The embodiments of the present disclosure provide the single crystal furnace including the furnace chamber, the crucible, the first inlet pipe having the first inlet port, at least one second inlet pipe each having the respective second inlet port, the flow rate controller, and the pressure regulator. The crucible is placed inside the furnace chamber and at the bottom of the furnace chamber. The first inlet port is placed at the top of the furnace chamber, and the respective second inlet port is placed inside the furnace chamber and above the crucible in the melting stage and the crystal pulling stage. The distance between the respective second inlet port and the crucible is less than the distance between the first inlet port and the crucible. The flow rate controller is configured to control the gas flow rate of the first inlet port and the gas flow rate of the respective second inlet port. The pressure regulator is configured to regulate the pressure in the furnace chamber to the first preset pressure in the melting stage, and regulate the pressure in the furnace chamber to the second preset pressure in the crystal pulling stage. The second preset pressure is greater than the first preset pressure. In this way, the loss of the gas flow rate caused by the transmission of the gas flow emitted from the second inlet port in the furnace chamber is reduced, so that the gas flow transmitted to the liquid surface in the crucible is larger, and the gas is able to take away more oxygen in the silicon material, thereby effectively reducing the oxygen content in the silicon single crystal rod prepared in the single crystal furnace, and improving the performance of the cells prepared by using the silicon single crystal rod as the raw material.
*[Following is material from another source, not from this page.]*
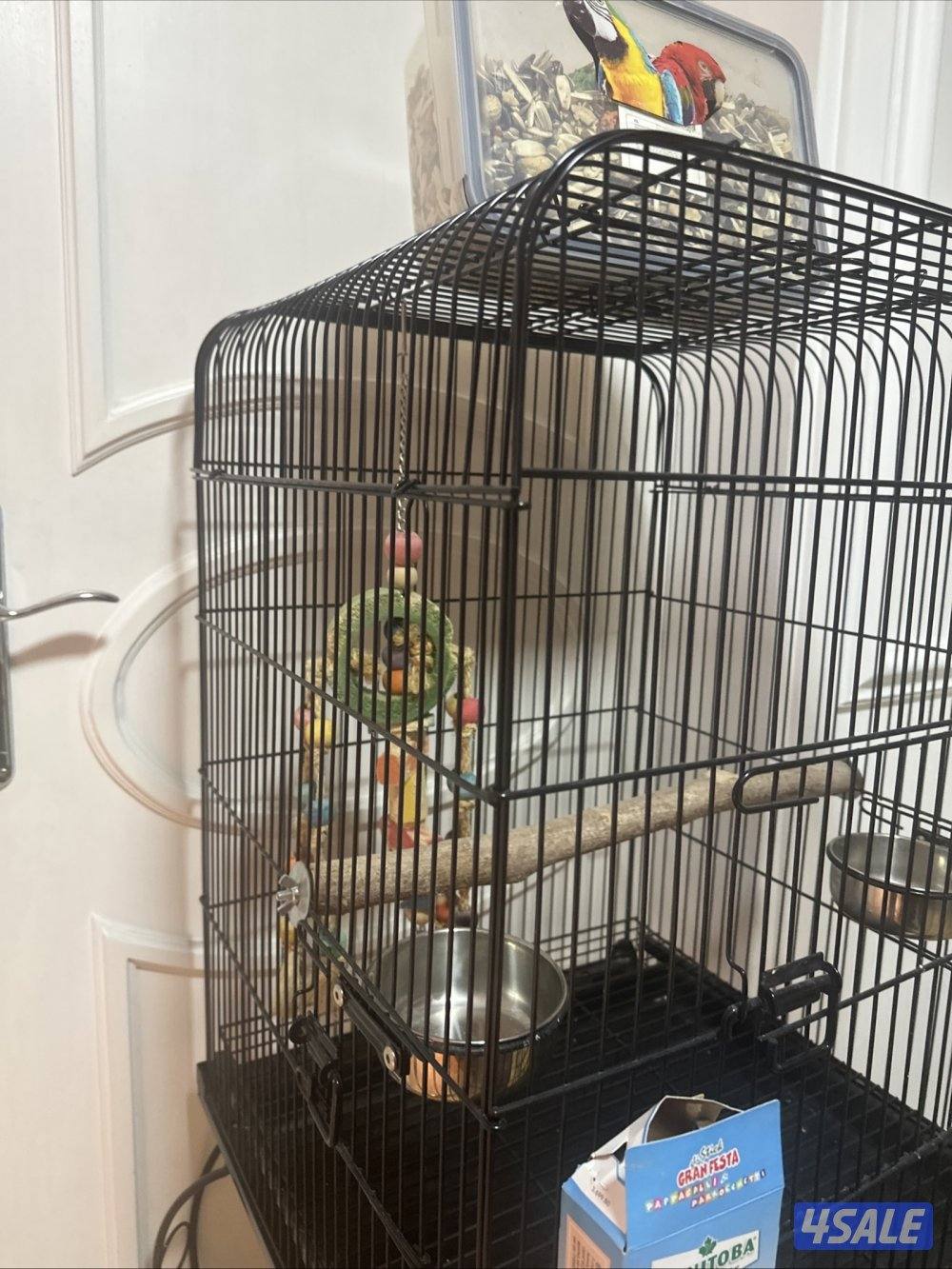 قفص طير جديد مع الأكل و لعبه طير1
Accordingly, some embodiments of the present disclosure further provide a method for preparing a silicon single crystal rod, using the above-described single crystal furnace for crystal pulling. The method for preparing the silicon single crystal rod provided in the embodiments of the present disclosure is described in detail in the following in combination with the accompanying drawings, and the same or corresponding parts as previous embodiments can be referred to the corresponding description of the previous embodiments, which are not described in detail in the following.

FIG. 8 is a flowchart of each operation in the method for preparing the silicon single crystal rod provided in the embodiments of the present disclosure. FIG. 9 to FIG. 10 are schematic structural diagrams corresponding to some operations of the method for preparing the silicon single crystal rod provided in the embodiments of the present disclosure.
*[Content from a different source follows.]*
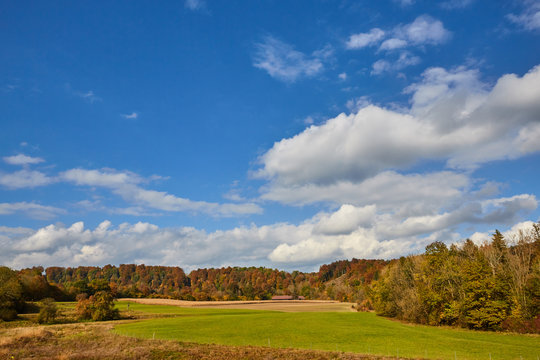 Beautiful autumn landscape with forest and blue sky
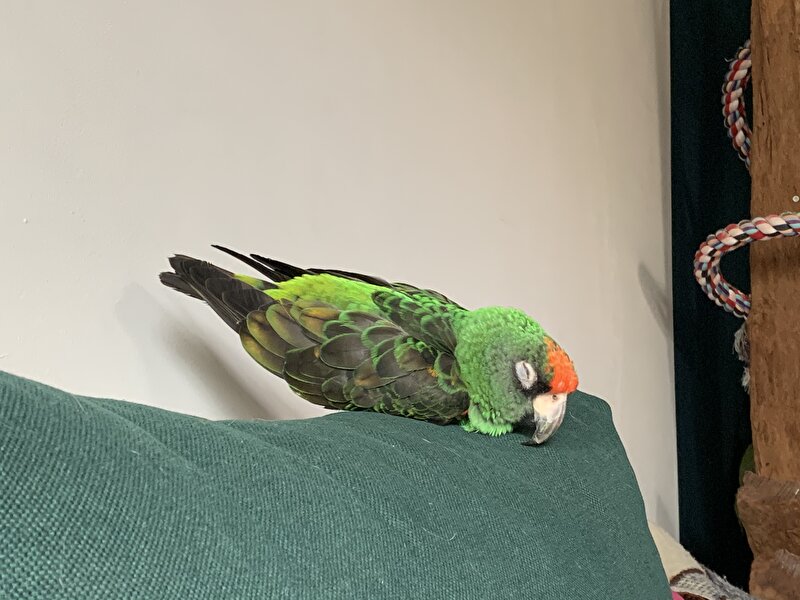 Afbeelding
As shown in FIG. 8 and FIG. 9, S1 refers to a charging stage, the silicon material is placed into the crucible 110 in the charging stage.

The silicon material placed in the crucible 110 includes a solid silicon material. In some embodiments, the silicon material includes polysilicon, dopants, and the like.

When placing the silicon material, the respective second inlet port 131 of each second inlet pipe 130 is able to be placed at the top of the furnace chamber 100. Alternatively, the respective second inlet port 131 of each second inlet pipe 130 is placed at the top of the crucible 110.

In some embodiments, the length of each of the at least one second inlet pipe 130 extending into the furnace chamber 100 is adjustable so that the distance between the second inlet port 131 and the crucible 110 is adjustable, and the mobile member 140 is connected to each of the at least one second inlet pipe 130, and adjustment of the position of the mobile member 140 inside the furnace chamber 100 drives adjustment of the length of each of the at least one second inlet pipe 130 extending into the furnace chamber 100. FIG. 9 shows a schematic structural diagram of the second inlet pipes with the mobile member placed at the top of the furnace chamber before the melting stage.

As shown in FIG. 8 and FIG. 10, S2 refers to the melting stage, the first inlet port 121 and the respective second inlet port 131 provide the inert gas to the furnace chamber 100, and the distance between the respective second inlet port 131 and the crucible 110 is less than the distance between the first inlet port 121 and the crucible 110. The gas flow rate of the first inlet port 121 as well as the gas flow rate of the respective second inlet port 131 is the first flow rate, and the pressure in the furnace chamber 100 is the first preset pressure.

In the melting stage, the solid silicon material in the crucible 110 is melted into a liquid. The furnace chamber 100 is first evacuated to a vacuum state, and a heating device is turned on to increase the temperature to melt the silicon material after passing a leakage test.

Referring to FIG. 10, in some embodiments, the length of each second inlet pipe 130 extending into the furnace chamber 100 is adjustable to make the distance between the respective second intake port 131 and the crucible 110 adjustable, and the mobile member 140 is connected to each second inlet pipe 130. Before the melting stage, the mobile member 140 drives each second inlet pipe 130 downwardly until the respective second inlet port 131 of each second inlet pipe 130 is placed above the crucible 110. During the melting stage, each second inlet pipe 130 and the first inlet pipe 120 continuously pass the inert gas into the furnace chamber 100, and the proximity of each second inlet pipe 130 to the crucible 110 enables the inert gas emitted from each second inlet pipe 130 to take away more oxygen from the silicon material, thereby enabling the silicon single crystal rod prepared in the single crystal furnace to have a low oxygen content.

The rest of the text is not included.